In Michigan and Wisconsin, Democrats took governorships from the GOP.  In both states, Republican legislatures hastily passed laws stripping governors of their powers.  Outgoing Republican governors signed the bills. 

In the U.S. House of Representatives, where Republicans had whitewashed an investigation of Russian meddling in the 2016 elections, they still took time as they went out the door to hold more hearings on Hillary Clinton’s home email server.

The two states and the House may see the situation flip under the Democratic control.

The parties can cooperate.  The only congressional review of Russia’s 2016 election interference is being carried out by the Senate Intelligence Committee, where the two party leaders work together.  They are more worried by the threat to the American democracy than to either party.

But the general rule is partisan warfare.  Senate GOP Majority Leader Mitch McConnell whips Trump’s nominees onto federal district courts at an amazing pace, faster than ever before.  He wants no debate on them.  He is surely making some mistakes in his haste, but it is impossible to know who’s unqualified.

Like the Michigan and Wisconsin moves, he wants to reduce the Democrats’ future power should they win the presidency and other offices in 2020.  He blocked an Obama Supreme Court appointment, leaving a vacancy for more than a year, to await Trump appointees.

If there is any state where the consequences of elections were clear, it’s Maine.  There may have been no “blue wave” in the country, but there was one in Maine.  The governor and both Houses of the Legislature plus an added congressional seat are now under Democratic control.

The effect is immediate.  Governor-elect Janet Mills has named an experienced human services chief who is focused on, well, human services.  The new department head replaces a commissioner who seemed dedicated to reducing help for those in need.

Maine’s lesson may be that elections have consequences only when there’s a change in political control.  If the result is divided control, compromise may be more a matter of luck than responsiveness to the voters’ desire for results.

The next elections, less than two years away, may be a major test of Schumer’s message and Trump’s appeal.

The Republican Party is now largely Trump’s party, and he is expected to lead it into the campaign, unless he is derailed by his own actions.  Congressional and state candidates are likely to be his loyal supporters.  From the GOP viewpoint, the desired consequences would be more and better Trump.

The Democrats have a bigger tent, but can only have one presidential candidate.  Will they go with a candidate of change, like Sen.
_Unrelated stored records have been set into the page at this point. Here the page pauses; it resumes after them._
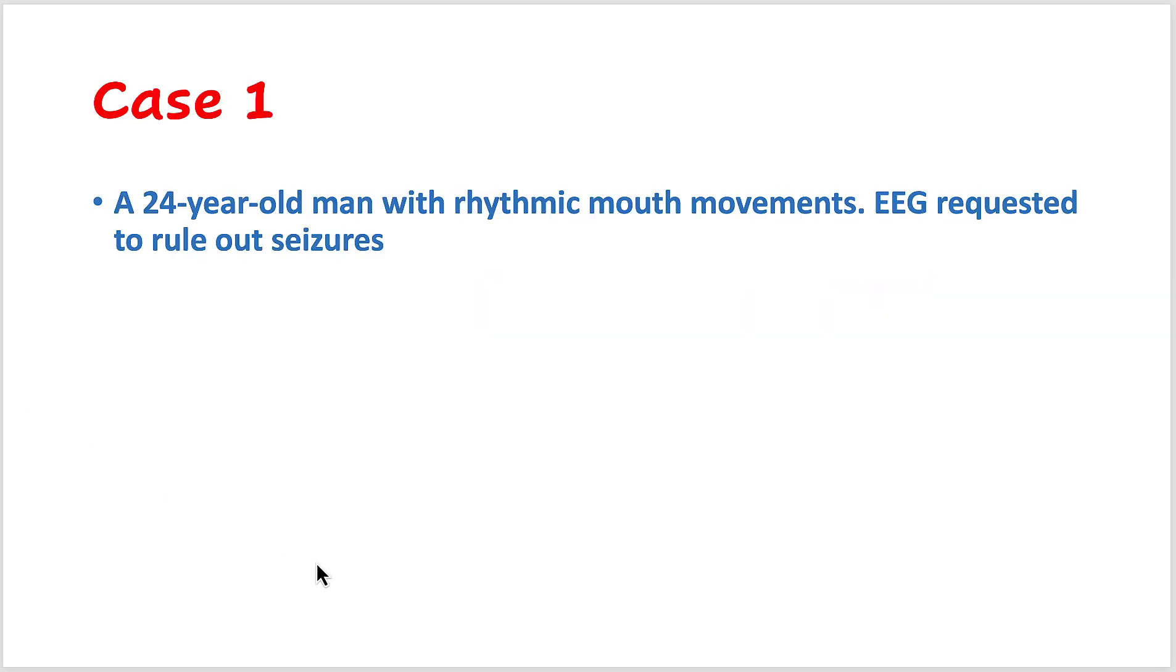This is a 24-year-old man with rhythmic mouth movements. EEG was requested to rule out seizures.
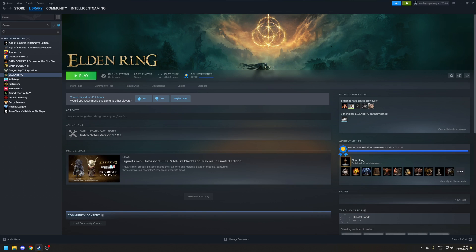Hey guys, Ryan here, and in this video I'm going to be covering how to unlock the framerate of Elden Ring on Windows 11.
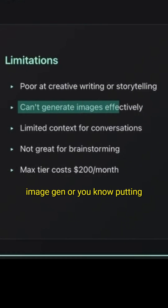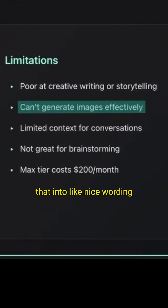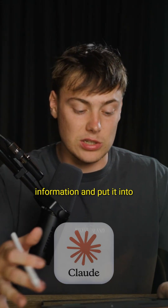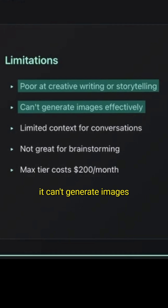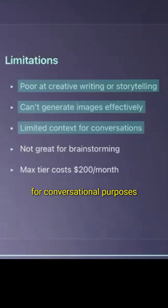But Perplexity is not great at image generation, or putting that into nice wording, so you can take that information and put it into Claude. It's not that good at storytelling, it's not that good at creative writing, and it can't generate images effectively. It's pretty limited for conversational purposes.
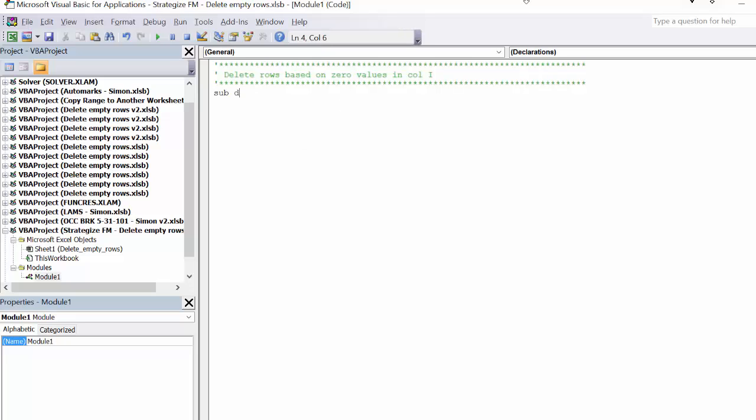Give your macro a concise yet self-explanatory name. I am naming this 'delete zero rows'.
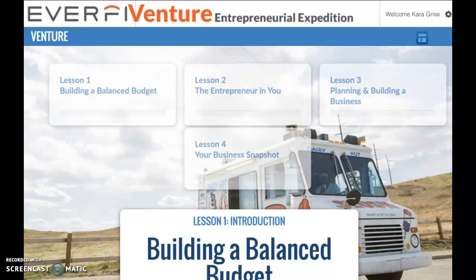Today's lesson is the final part of the Venture Simulation, Lesson 4, Your Business Snapshot. In this lesson, you're going to use all of the decisions that you made in the previous lessons to create a pitch — a business pitch to sell your food truck idea to people that are going to sponsor you with venture capital.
Bernie Sanders, or a more centrist leader, like Minnesota Sen. Amy Klobuchar or Ohio Sen. Sherrod Brown?  Either way, Democrats want to end up fully in charge.

There was one sleeper in this year’s elections, and it could produce the greatest consequences.  Following the 2020 elections, all states with two or more House members must redraw their congressional district lines to ensure each has the same population.  Traditionally, that is done by the legislature and governor.

In recent years, the GOP in states including Texas, North Carolina and Wisconsin has designed districts to its liking.  To avoid partisanship, under recent Supreme Court decisions, more states will let independent bodies set district lines.

If Democrats control state governments after 2020, they will run redistricting, influencing the composition of the House of Representatives for a decade.  This year, seven Democratic governors replaced Republicans, and they may be key players in drawing the new lines.  State legislative elections in 2020 will matter. 

Yes, Mr. President, elections have consequences.  We are about to find out the many ways that works.